= Maurice Kottelat =

Swiss ichthyologist

Maurice Kottelat (born 16 July 1957 in Delémont, Switzerland) is a Swiss ichthyologist specializing in Eurasian freshwater fishes.

Kottelat obtained a License in Sciences at the University of Neuchâtel in 1987 and in 1989 a doctoral degree from the University of Amsterdam. In 1980 he went to Thailand where he began his field research on Southeast Asian and Indonesian fresh water fishes. In 1997 he wrote an important revision on the genus Coregonus, which includes the fish species from Lake Geneva, Lake Constance and other lakes in Switzerland. Together with Dr. Tan Heok Hui he worked in Sumatra, where they discovered Paedocypris progenetica, which is considered the smallest fish in the world. In 2007 he published a Handbook of European Freshwater Fishes together with Jörg Freyhof. Kottelat has described more than 440 fish species new to science.

In 2006 he was awarded a Doctor Honoris Causa degree at the University of Neuchâtel. Kottelat is the former (1997–2007) and present (2012–present) president of the European Ichthyological Society.
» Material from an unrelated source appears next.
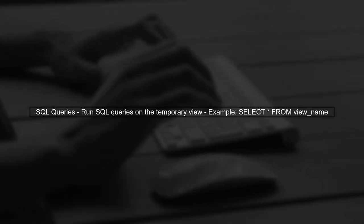Once you create a temporary view, you can run SQL queries against it using Spark SQL. This is particularly useful for data analysis.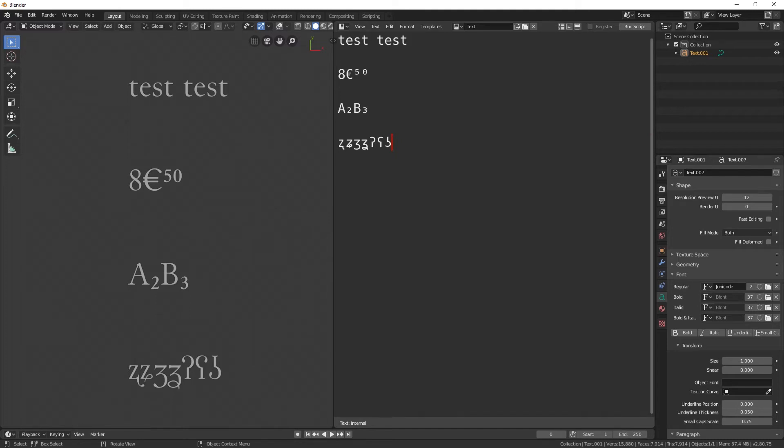Hello, in this tutorial, I'll show you how to import subscript or other special characters into Blender. But if you are looking for a way to import mathematical equations, consider using LaTeX technology, spelled L-A-T-E-X.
He is a commissioner of the International Commission on Zoological Nomenclature. For most of his career, he has held no academic position but worked as a "freelance taxonomist".
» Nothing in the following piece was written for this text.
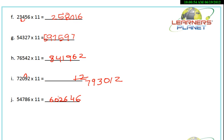All the questions we have done here — you might have observed that they are very simple. The multiplication of any number with 11 is really very simple. You just have to practice. Students, we will be discussing more methods in our next sessions.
==Publications (selected)==

- 1990 Maurice Kottelat: Indochinese Nemacheilines, a revision of nemacheiline loaches (Pisces: Cypriniformes) of Thailand, Burma, Laos, Cambodia and southern Viet Nam. 180 text-figures. 8vo, pp. 262
- 1996 Maurice Kottelat & Tony Whitten: Freshwater Biodiversity in Asia: With Special Reference to Fish
- 1997 Maurice Kottelat: European Freshwater fishes. An heuristic checklist of the freshwater fishes of Europe (exclusive of former USSR), with an introduction for non-systematists and comments on nomenclature and conservation. Biologia (Bratislava) Sect. Zool., 52 (Suppl.):1-271.
- 1997 Maurice Kottelat: Freshwater Fishes of Western Indonesia and Sulawesi
- 1998 Maurice Kottelat: Fishes of Brazil - An Aid to the Study of Spix and Agassiz's (1829-31) Selecta Genera et Species Piscium Brasiliensium Including an English Translation of the Entire Text by V.L. Wirasinha and Reproduction of all Illustrations
- 1998 Maurice Kottelat: Fishes of the Nam Theun and Xe Bangfai basins, Laos, with diagnoses of twenty-two new species (Teleostei: Cyprinidae, Balitoridae, Cobitidae, Coiidae and Odontobutidae). Ichthyol. Explor. Freshwat. 9(1):1-128.
- 2001 Maurice Kottelat : Fishes of Laos
- 2001 Maurice Kottelat: Freshwater fishes of Northern Vietnam: A preliminary check-list of the fishes known or expected to occur in Northern Vietnam : with comments on systematics and nomenclature
- 2007 Maurice Kottelat & Jörg Freyhof: Handbook of European Freshwater Fishes Published by the authors. ISBN 978-2-8399-0298-4
- 2012 Maurice Kottelat: Conspectus cobitidum: an inventory of the loaches of the world (Teleostei: Cypriniformes: Cobitoidei) Raffles Bulletin of Zoology, Supplement 26: 1–199.
- 2013 Maurice Kottelat: Raffles Bulletin of Zoology, Supplement 27: 1–663.

==Taxa described by him==
- See :Category:Taxa named by Maurice Kottelat

== Taxa named in his honor ==
- Exostoma kottelati Darshan, Vishwanath, Abujam & Das, 2019
- The monospecific genus Kottelatia Liao, Kullander & Fang, 2010
- The genus Kottelatlimia Nalbant, 1994
- Monodactylus kottelati Pethiyagoda, 1991
- Neogastromyzon kottelati Tan, 2006
- Oxynoemacheilus kottelati Turan, Aksu, Güçlü & Kalayci, 2024
- Rasbora kottelati K. K. P. Lim, 1995
- Salmo kottelati Turan, Doğan, Kaya, & Kanyılmaz, 2014 is named after him.